Reports from the Economic Front

a blog by Marty Hart-Landsberg

MAY DAY IS Coming

Make your plans—International Workers’ Day (May Day)  is coming.

SATURDAY, MAY 1st
Portland Oregon May Day March and Rally
Immigrants’ Rights Are Workers’ Rights!

11am: Gather at the SW Park Blocks (SW Park and Salmon)
12pm: Rally
1pm: March

mayday2010compressedflyer.jpg

For more information on the Portland rally and march visit: http://maydaypdx.blogspot.com/

For more information on the history of May Day check out the following sites:

http://www.iww.org/projects/mayday/origins.shtml
http://www.marxists.org/subject/mayday/articles/tracht.html

Sadly, although U.S. workers played a leading role in the origins of International Workers’ Day, little is known in this country about that history.  In brief, in 1866, leftwing and trade union organizations met in London to form the International Workingmen’s Association or First International.  Its aim was to build international solidarity among working people.  The last Congress of the First International was held in 1876.
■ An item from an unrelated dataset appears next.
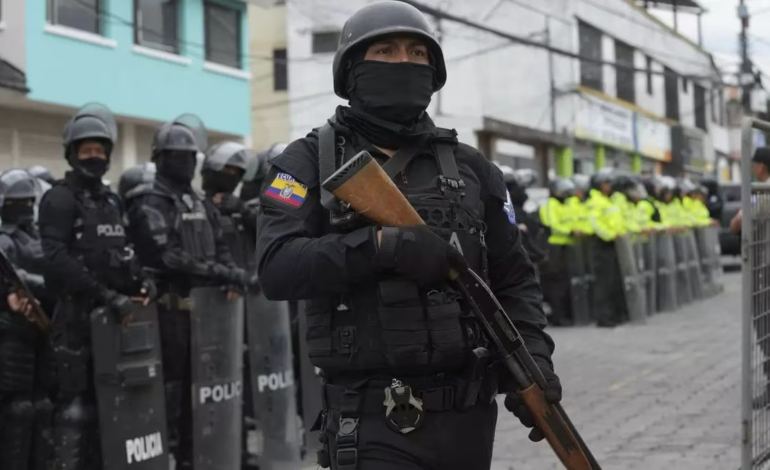 Secuestro de policías, explosiones y fuga de reos vive Ecuador tras estado de excepción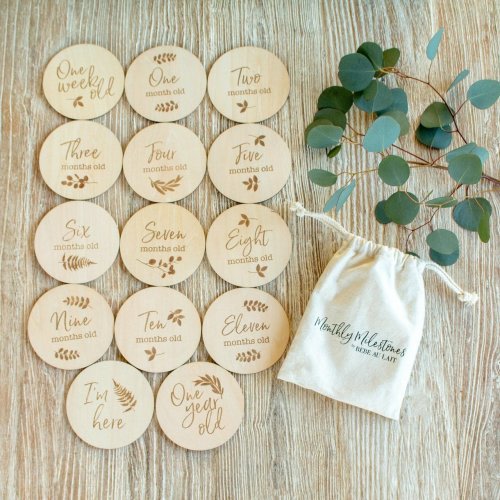 Wooden Keepsake Discs, Baby's Monthly Milestones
In 1889,  left and labor activists met in Paris to found the Second International.  At that gathering, delegates heard from workers from the United States about their struggle for the 8 hour day.  In response, the Paris Congress adopted the following resolution:

The Congress decides to organize a great international demonstration, so that in all countries and in all cities on one appointed day the toiling masses shall demand of the state authorities the legal reduction of the working day to eight hours, as well as the carrying out of other decisions of the Paris Congress. Since a similar demonstration has already been decided upon for May 1, 1890, by the American Federation of Labor at its Convention in St. Louis, December, 1888, this day is accepted for the international demonstration. The workers of the various countries must organize this demonstration according to conditions prevailing in each country.

The US government has since done what it can to rewrite the history of May Day.  For example, in 1921 the government declared May 1 to be “Americanization Day”.  In 1958 the government proclaimed it “Loyalty Day”.  Successive US presidents have continued this tradition, offering their own proclamations for the celebration of Loyalty Day.

Happily, despite their best efforts, they have failed to destroy the holiday’s true meaning–which is one of worker solidarity and empowerment rather than obedience to those in power.